:: Data for processing ::
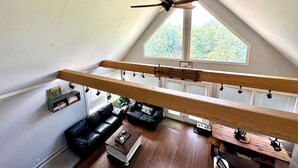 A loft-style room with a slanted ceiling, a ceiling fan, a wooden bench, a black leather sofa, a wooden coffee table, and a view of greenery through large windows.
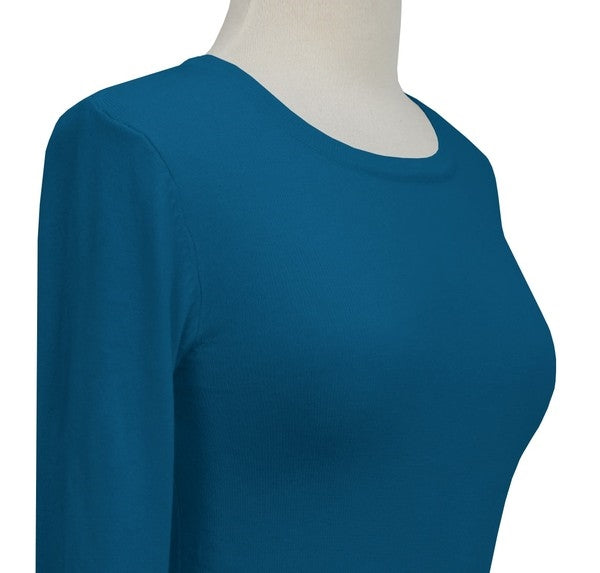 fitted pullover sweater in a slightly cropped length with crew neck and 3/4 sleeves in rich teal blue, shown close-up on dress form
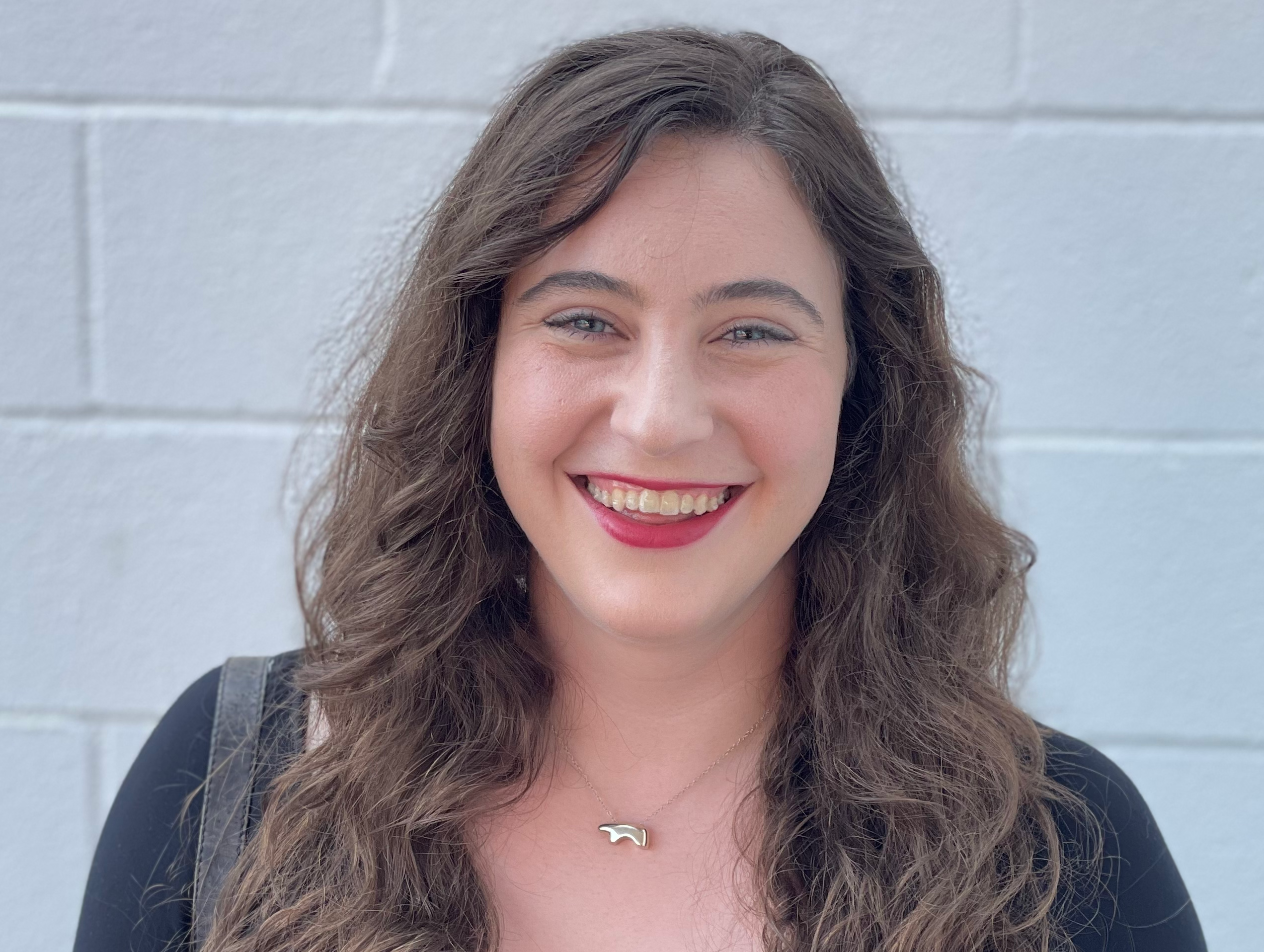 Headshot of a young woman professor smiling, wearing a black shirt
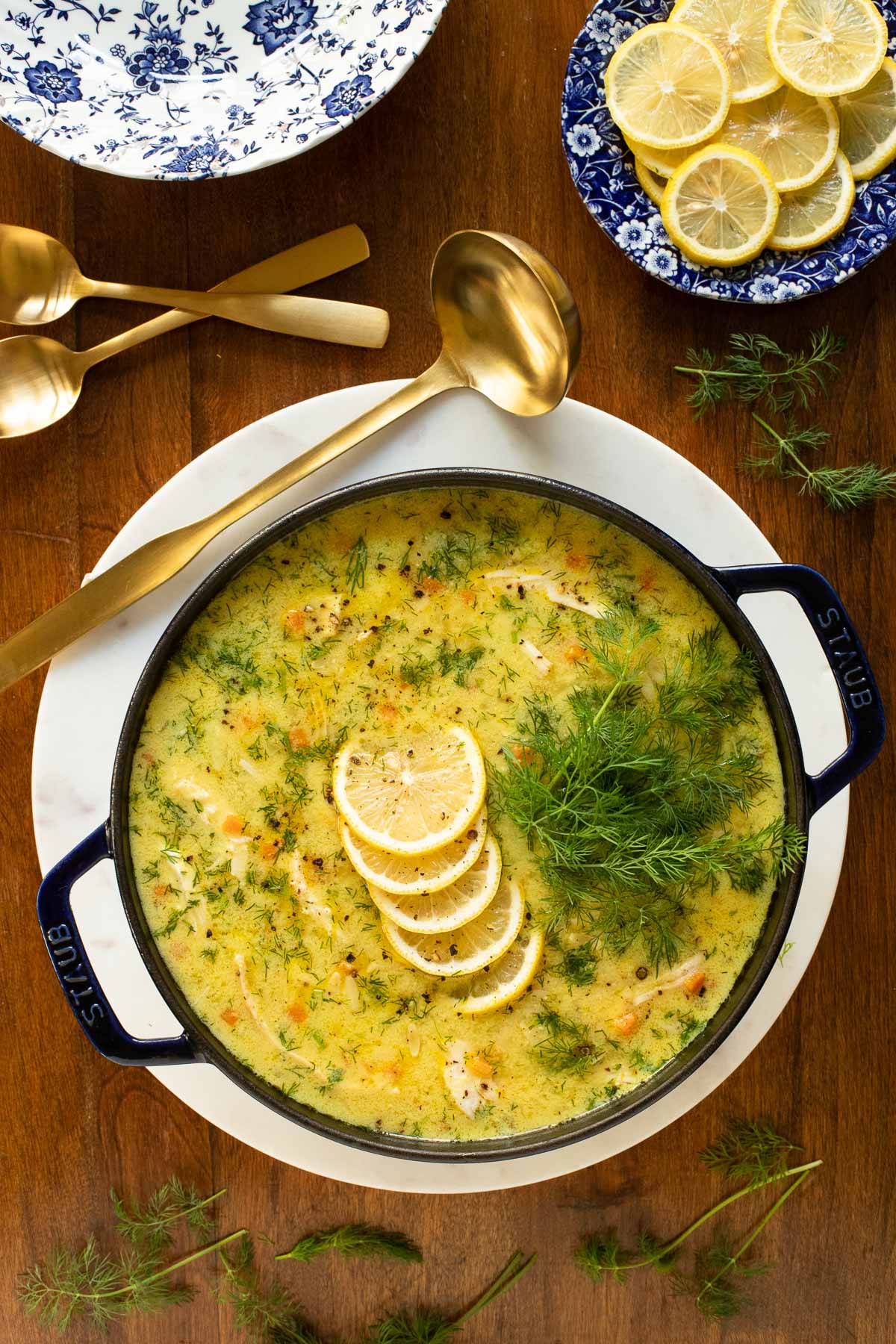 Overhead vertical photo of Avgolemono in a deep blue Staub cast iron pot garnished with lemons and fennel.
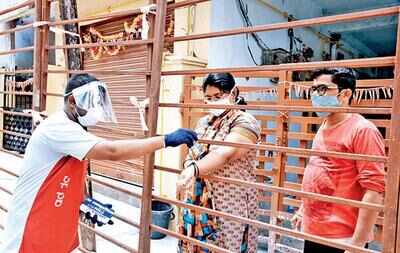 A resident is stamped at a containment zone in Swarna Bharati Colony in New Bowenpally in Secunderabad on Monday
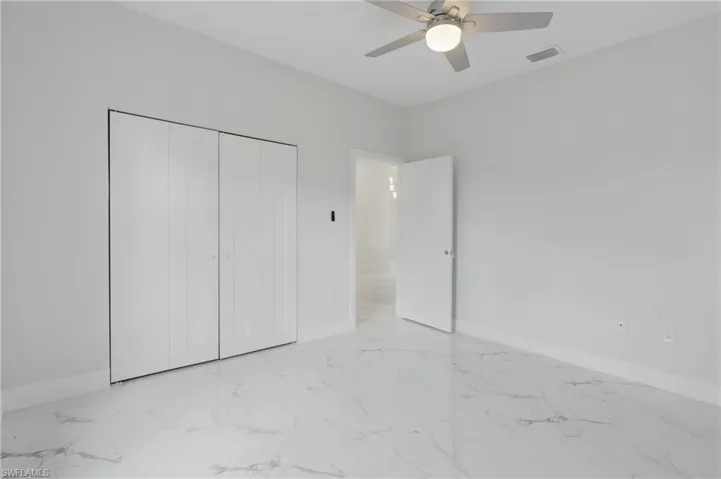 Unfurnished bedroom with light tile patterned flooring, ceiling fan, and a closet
:::
§ **Problem to work on**
Take every line of the material and copy it exactly, leaving out the pictures.

§ **Answer for the task**
 A loft-style room with a slanted ceiling, a ceiling fan, a wooden bench, a black leather sofa, a wooden coffee table, and a view of greenery through large windows.
 fitted pullover sweater in a slightly cropped length with crew neck and 3/4 sleeves in rich teal blue, shown close-up on dress form
 Headshot of a young woman professor smiling, wearing a black shirt
 Overhead vertical photo of Avgolemono in a deep blue Staub cast iron pot garnished with lemons and fennel.
 A resident is stamped at a containment zone in Swarna Bharati Colony in New Bowenpally in Secunderabad on Monday
 Unfurnished bedroom with light tile patterned flooring, ceiling fan, and a closet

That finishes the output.